Validating share of customers’ business estimates.
Progressive firms find a way to assess the accuracy of their estimates of customers’ share of business. Managers from Lubrizol, for instance, periodically check the accuracy of their data by referring to studies published by the American Petroleum Institute. Honeywell Performance Fibers, formerly AlliedSignal Performance Fibers, draws on multiclient studies conducted by the Fiber Economics Bureau, which routinely compiles fiber-producer data.
Building a customer’s share database.
Best-practice firms build a database for tracking their share of customers’ business and for leveraging the knowledge gained in analyses of the data. Lubrizol has created a customer profile (CP) database system, which is always available on the company’s intranet. Each quarter, sales-people and sales managers review and update information on their global accounts. (Global accounts are defined as a country-customer pairing — for example, ExxonMobil’s business in Argentina.) The CP system tracks finished lubricant, finished fuel and amount of additive, each expressed in metric tons. The sales-people gather and submit the data in gallons, pounds, tons or liters, whichever is easiest for them, and the CP system converts the data into metric tons.
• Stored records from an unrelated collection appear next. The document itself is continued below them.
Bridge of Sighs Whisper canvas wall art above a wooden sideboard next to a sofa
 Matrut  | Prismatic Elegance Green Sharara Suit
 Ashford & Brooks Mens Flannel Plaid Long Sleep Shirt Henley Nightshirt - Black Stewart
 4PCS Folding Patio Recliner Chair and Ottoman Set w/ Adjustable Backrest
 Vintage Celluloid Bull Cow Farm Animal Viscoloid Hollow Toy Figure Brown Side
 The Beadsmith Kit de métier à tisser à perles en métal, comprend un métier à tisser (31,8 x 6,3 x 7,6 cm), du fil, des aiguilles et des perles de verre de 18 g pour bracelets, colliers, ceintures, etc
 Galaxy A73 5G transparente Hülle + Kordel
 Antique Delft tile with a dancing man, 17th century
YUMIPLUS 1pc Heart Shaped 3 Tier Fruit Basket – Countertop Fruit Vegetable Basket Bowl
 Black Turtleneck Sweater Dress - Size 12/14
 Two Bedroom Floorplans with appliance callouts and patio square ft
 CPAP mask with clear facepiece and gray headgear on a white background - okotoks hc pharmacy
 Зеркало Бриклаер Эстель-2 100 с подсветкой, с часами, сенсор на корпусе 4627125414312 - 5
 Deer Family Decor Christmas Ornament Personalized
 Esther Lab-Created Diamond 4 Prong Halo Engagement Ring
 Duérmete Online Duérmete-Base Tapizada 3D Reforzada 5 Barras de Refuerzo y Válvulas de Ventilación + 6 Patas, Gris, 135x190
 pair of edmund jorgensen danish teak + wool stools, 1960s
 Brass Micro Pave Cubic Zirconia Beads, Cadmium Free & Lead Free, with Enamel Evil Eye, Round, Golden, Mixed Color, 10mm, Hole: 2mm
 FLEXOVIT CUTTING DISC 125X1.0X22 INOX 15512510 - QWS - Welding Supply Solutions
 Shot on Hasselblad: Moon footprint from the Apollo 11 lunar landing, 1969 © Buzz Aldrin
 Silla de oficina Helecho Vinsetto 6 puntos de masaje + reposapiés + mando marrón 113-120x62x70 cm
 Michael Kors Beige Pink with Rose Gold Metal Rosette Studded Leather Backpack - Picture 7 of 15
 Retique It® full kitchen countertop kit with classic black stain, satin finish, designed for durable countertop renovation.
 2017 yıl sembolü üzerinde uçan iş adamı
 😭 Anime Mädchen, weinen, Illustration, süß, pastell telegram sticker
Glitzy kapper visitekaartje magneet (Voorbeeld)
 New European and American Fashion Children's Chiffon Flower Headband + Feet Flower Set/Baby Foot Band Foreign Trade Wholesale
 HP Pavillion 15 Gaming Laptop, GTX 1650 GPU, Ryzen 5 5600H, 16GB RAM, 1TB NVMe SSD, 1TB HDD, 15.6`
The amount of additive consumed by the customer is tracked separately because of the varying “treat rates” — that is, how much needs to be added to achieve performance parameters.
The CP system enables the analysis of changes in the market, such as the impact of new product introductions. Such analyses can provide answers to sales rep and sales manager inquiries — for instance, how much the share of multi-grade oils is growing at the expense of monograde oils in Latin American countries. The CP system also enables regional comparisons among Latin America, Europe and North America.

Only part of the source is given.